§ **DIRECTIONS**: Reproduce the records word for word, apart from the images they contain.

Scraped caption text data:
····················

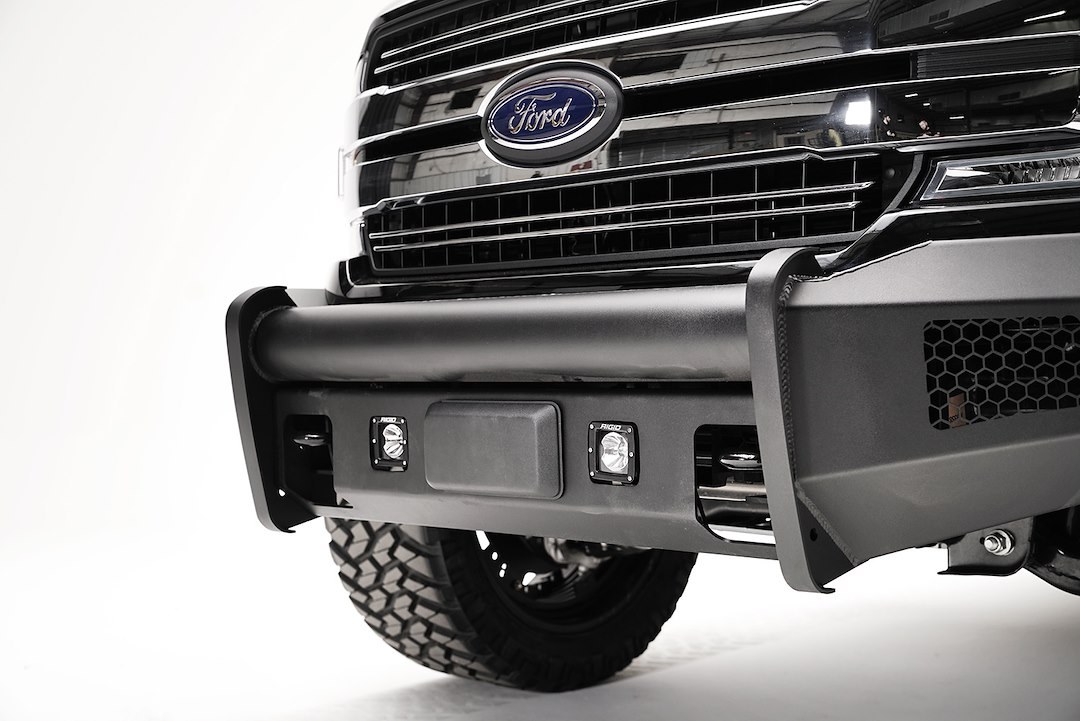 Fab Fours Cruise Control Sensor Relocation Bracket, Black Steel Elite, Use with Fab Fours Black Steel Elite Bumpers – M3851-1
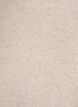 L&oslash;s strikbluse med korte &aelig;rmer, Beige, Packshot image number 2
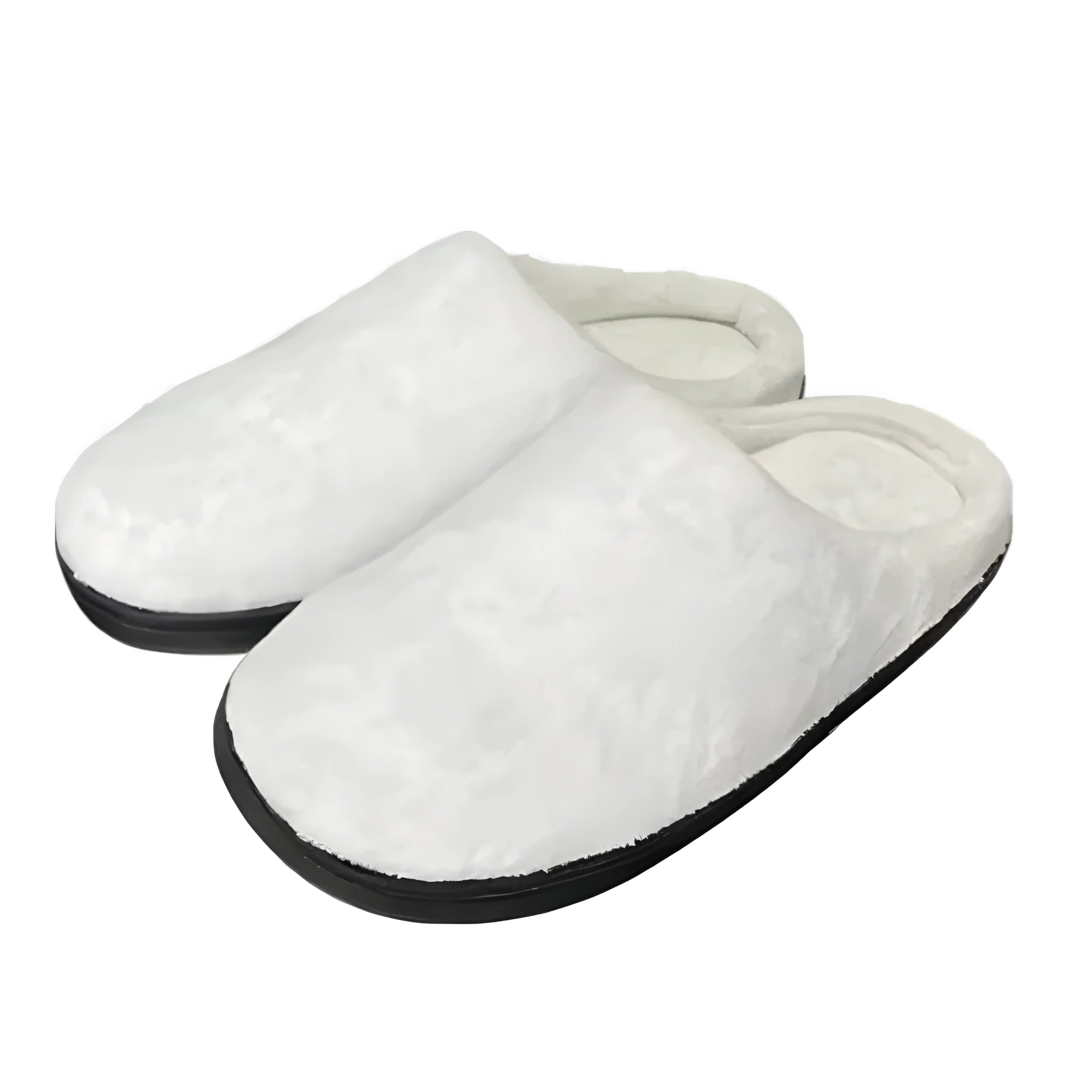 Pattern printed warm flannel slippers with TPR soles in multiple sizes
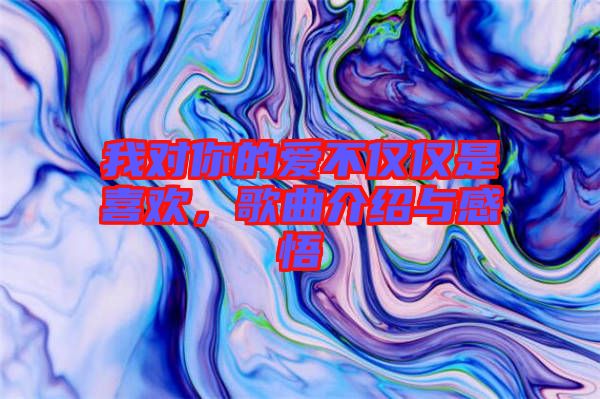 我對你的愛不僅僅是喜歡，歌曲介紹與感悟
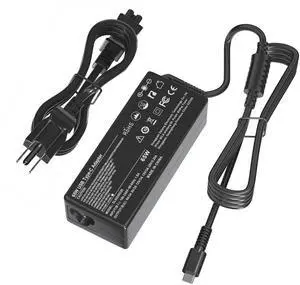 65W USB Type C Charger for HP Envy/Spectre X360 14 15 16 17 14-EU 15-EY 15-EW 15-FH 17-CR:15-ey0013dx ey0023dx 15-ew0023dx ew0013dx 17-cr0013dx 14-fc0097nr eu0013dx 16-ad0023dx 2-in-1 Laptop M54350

····················

§ **REPLY**:
 Fab Fours Cruise Control Sensor Relocation Bracket, Black Steel Elite, Use with Fab Fours Black Steel Elite Bumpers – M3851-1
 L&oslash;s strikbluse med korte &aelig;rmer, Beige, Packshot image number 2
 Pattern printed warm flannel slippers with TPR soles in multiple sizes
 我對你的愛不僅僅是喜歡，歌曲介紹與感悟
 65W USB Type C Charger for HP Envy/Spectre X360 14 15 16 17 14-EU 15-EY 15-EW 15-FH 17-CR:15-ey0013dx ey0023dx 15-ew0023dx ew0013dx 17-cr0013dx 14-fc0097nr eu0013dx 16-ad0023dx 2-in-1 Laptop M54350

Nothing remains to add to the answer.